During Simmons’ and Ira’s blossoming relationship in the shadow of looming tragedy, Apatow resorts to what he knows best to pull back from an emotionally driven scene: lascivious comedy. For every five testicle jokes there are ten more penis jokes; some gut-busting funny, others redundant. He even wrote the best lines for cameos including standup veteran Ray Romano, rapper Eminem, and my personal favorite, James Taylor.
Funny People moves along at a steady pace until around the 90 minute mark when a big revelation occurs. Most comedies would be tying up any loose ends around this point, but Apatow launches Funny People down a distinctly different dramatic path. Rather than let an editor tell him “know when to say when,” Funny People digresses into “Family People.”
Apatow’s creative decisions make little sense when assessing Funny People as a whole. They make all the sense in the world when considering his motivation. The final 45 minutes are full of his real world wife Leslie Mann and their two young daughters. Leslie is not a bad actress and her role as a ditzy former actress/singer/waiter/whatever else is a fun one, but not appropriate for this film. Her character has far more screen time than Ira’s emotionless yet hilarious love interest Daisy (Aubrey Plaza) or another aspiring comic (Aziz Ansari), each shunned for the sake of playing family favorites.

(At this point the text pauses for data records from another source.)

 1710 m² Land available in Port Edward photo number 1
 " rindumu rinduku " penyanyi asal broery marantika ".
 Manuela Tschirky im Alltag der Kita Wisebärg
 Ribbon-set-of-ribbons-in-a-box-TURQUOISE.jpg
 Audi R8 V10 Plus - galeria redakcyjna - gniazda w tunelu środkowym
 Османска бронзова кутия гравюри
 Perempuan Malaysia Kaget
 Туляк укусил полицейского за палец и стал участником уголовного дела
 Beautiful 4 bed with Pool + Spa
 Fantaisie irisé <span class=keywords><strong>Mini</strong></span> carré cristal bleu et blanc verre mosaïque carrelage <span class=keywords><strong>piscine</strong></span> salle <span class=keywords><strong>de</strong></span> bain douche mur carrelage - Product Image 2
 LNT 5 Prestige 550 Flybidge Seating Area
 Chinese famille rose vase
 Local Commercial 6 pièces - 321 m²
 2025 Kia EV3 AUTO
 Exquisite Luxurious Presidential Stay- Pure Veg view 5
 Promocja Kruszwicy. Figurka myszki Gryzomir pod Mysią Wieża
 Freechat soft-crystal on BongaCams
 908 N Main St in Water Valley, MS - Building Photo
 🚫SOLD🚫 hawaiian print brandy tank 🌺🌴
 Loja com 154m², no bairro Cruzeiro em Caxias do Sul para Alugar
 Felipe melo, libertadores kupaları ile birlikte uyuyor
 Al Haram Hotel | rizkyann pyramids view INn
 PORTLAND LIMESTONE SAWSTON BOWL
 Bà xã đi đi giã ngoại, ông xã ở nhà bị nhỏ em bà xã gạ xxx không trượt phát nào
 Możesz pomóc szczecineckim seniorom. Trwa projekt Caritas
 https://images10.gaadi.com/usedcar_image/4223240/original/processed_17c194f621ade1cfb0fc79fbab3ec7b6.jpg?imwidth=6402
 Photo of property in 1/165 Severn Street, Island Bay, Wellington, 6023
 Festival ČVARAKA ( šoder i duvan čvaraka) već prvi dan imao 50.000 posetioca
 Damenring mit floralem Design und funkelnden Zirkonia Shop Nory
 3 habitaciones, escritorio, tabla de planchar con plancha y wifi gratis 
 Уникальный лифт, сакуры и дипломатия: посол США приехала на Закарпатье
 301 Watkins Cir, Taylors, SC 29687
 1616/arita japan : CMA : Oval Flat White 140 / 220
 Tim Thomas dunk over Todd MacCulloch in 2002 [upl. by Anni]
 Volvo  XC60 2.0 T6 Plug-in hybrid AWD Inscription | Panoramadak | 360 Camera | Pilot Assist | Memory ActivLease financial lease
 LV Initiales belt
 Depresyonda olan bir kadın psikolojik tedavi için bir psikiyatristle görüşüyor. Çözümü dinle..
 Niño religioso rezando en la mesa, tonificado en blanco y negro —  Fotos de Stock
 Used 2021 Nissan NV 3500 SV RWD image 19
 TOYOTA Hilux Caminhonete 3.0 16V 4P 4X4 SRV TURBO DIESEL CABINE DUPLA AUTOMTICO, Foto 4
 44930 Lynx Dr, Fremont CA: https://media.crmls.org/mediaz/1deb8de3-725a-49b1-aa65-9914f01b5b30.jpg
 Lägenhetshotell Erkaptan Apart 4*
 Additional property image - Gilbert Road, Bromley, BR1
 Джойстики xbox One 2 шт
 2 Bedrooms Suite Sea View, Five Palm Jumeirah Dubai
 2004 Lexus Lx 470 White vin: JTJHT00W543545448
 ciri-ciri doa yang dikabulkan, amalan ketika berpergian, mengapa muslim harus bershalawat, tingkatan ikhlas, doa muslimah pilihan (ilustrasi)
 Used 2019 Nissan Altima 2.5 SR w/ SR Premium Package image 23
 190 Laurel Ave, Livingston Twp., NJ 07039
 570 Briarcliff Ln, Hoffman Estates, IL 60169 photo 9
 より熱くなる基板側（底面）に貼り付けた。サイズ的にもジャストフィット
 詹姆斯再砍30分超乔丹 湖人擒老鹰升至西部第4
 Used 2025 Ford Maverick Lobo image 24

Somewhere scrambled within Funny People’s excessively long two-and-a-half hour runtime is a filthy and outrageously funny comedy about camaraderie between actual “funny people” showered with the kind of humor Apatow has built an empire from. By letting his act go silent in the latter half to be taken seriously with family matters, Apatow’s Funny People strays too far from its and its creator’s comfort zone. Sadly for Apatow, the third time in the director’s chair is not a charm.